We also ask you to consider whether the statutory damages your initiative would authorize will incentivize appropriate investment in data security, or simply encourage large settlements that may not correspond to customer injury, programmatic negligence, or commensurate fault. Similarly, we believe it would be appropriate to revisit the language of your recital regarding holding organizations accountable for data breaches. The fact of a breach should not alone establish liability but, rather, the failure to implement reasonable security that leads to a breach. The language of the recital is inconsistent with the language of the relevant substantive text.
On a more granular level, we call your attention to the “employee” carve-out you provide in your new initiative. Because of a double negative at the beginning and end of the subsection, we believe the exemption may not be effectuated as you likely intended unless the language is revised.
We also believe it would be beneficial to clarify that achieving an optimal balance for data privacy rights together with other rights and interests of society is “consistent with and [would] further the purpose and intent” of your initiative. Thus, the California legislature should be authorized to amend the Act in the overall best interests of the citizens of California even if it means modifying provisions where experience indicates that certain privacy protections are not working as intended or are impeding the best interests of the State’s citizens.

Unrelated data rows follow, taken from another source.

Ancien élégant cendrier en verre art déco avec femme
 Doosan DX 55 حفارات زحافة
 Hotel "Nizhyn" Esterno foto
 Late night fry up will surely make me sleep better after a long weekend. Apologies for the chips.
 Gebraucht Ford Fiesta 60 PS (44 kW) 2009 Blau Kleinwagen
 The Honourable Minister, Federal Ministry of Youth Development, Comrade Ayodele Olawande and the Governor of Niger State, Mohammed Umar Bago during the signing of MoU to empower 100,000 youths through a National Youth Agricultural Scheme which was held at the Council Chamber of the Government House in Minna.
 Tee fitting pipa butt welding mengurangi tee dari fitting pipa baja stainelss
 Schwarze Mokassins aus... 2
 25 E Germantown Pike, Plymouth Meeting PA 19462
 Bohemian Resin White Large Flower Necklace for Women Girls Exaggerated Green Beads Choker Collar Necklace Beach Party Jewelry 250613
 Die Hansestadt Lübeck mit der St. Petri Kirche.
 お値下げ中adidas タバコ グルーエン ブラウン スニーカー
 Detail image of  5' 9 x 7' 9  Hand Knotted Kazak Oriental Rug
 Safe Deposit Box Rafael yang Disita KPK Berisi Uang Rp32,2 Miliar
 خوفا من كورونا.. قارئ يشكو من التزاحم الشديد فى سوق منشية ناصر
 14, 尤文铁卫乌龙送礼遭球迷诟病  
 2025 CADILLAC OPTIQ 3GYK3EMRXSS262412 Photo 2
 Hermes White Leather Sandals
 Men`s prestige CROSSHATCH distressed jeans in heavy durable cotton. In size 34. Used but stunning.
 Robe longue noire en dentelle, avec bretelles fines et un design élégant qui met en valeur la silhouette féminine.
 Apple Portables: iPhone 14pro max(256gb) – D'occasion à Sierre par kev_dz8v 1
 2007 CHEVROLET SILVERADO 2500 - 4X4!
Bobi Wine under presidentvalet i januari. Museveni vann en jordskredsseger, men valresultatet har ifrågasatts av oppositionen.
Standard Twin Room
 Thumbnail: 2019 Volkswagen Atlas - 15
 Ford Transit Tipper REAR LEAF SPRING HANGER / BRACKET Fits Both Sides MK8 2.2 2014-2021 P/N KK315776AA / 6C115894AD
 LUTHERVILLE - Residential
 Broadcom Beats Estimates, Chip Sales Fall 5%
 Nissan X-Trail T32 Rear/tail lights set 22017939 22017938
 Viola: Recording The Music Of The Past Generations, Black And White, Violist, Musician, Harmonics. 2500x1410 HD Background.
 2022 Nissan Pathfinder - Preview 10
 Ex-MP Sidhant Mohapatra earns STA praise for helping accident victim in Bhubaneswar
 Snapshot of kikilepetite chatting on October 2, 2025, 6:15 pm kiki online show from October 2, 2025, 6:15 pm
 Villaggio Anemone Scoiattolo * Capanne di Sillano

Finally, we note that, despite your efforts to limit your initiative’s extraterritorial effects by, e.g., exempting conduct that “takes place wholly outside California,” it is clear that the initiative will very substantially affect entities throughout the country. This is inevitable when a State with the size and reach of California regulates activity that crosses borders as porously as digital information. We nonetheless think it would be appropriate for you to take a second look at these extraterritorial effects – and, in particular, the interstate compliance burdens the initiative might place on entities that operate outside the State and have relatively little contact with its residents. Indeed, in such circumstances, the compliance costs and complexities faced by those entities would likely outstrip privacy benefits that accrue to California consumers.
Thank you for considering our views. If it would be of value to you, we would be pleased to engage further with you to address the issues we have raised.